- Opening Delimiter -
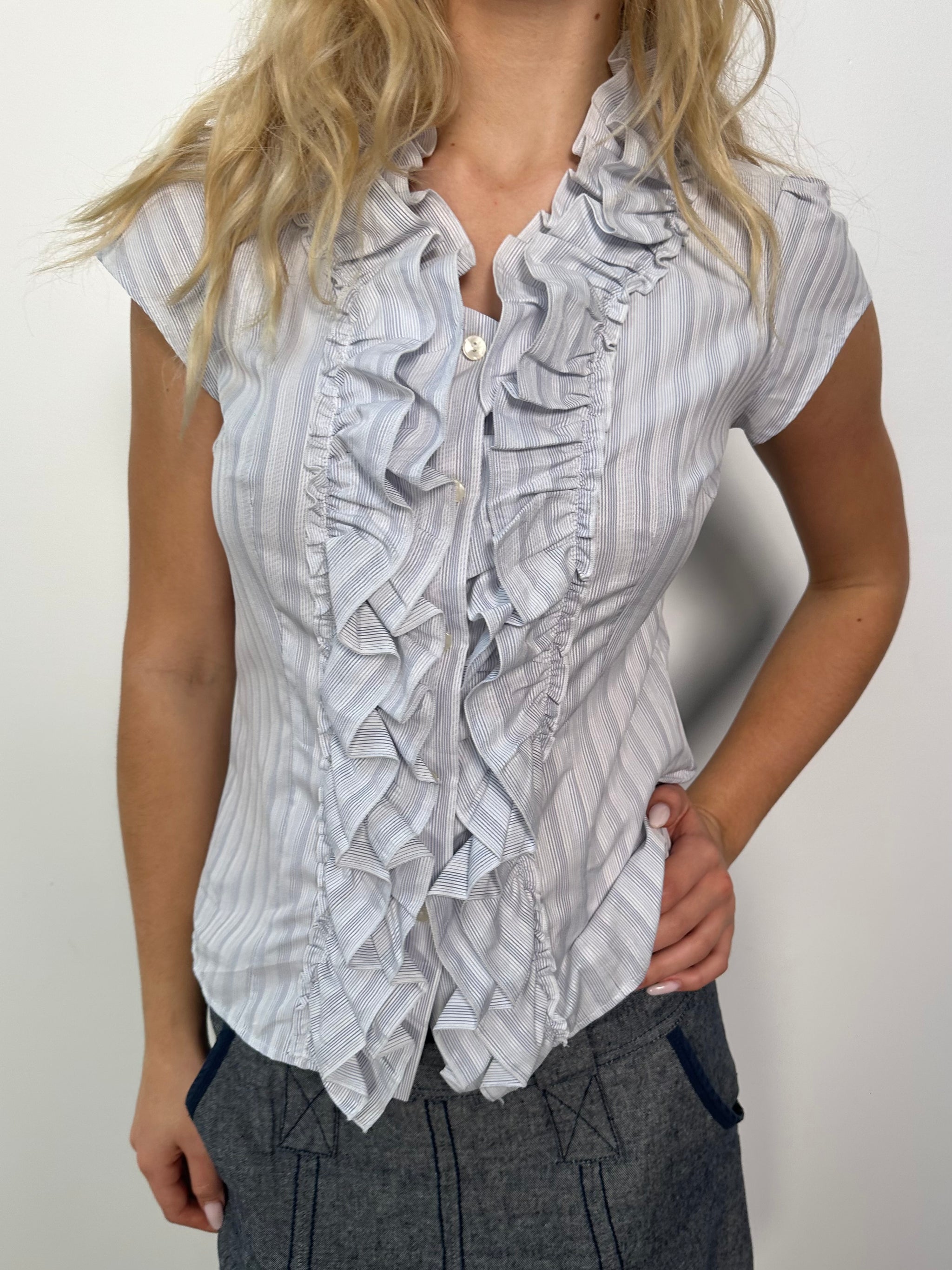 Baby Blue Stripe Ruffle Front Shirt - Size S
- Closing Delimiter -
- Opening Delimiter -
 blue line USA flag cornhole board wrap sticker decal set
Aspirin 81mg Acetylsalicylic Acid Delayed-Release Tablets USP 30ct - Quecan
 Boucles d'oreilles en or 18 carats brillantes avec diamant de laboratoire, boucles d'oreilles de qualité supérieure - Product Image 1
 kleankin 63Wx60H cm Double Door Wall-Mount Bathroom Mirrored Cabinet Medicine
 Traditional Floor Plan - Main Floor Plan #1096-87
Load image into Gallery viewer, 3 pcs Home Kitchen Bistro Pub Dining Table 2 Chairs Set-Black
- Closing Delimiter -
* Problem requirements:
What is needed is a verbatim copy of every line in the records above from the one containing "kleankin 63Wx60H cm" down to the one containing "Load image into", both included, and nothing more.

* Exercise response:
 kleankin 63Wx60H cm Double Door Wall-Mount Bathroom Mirrored Cabinet Medicine
 Traditional Floor Plan - Main Floor Plan #1096-87
Load image into Gallery viewer, 3 pcs Home Kitchen Bistro Pub Dining Table 2 Chairs Set-Black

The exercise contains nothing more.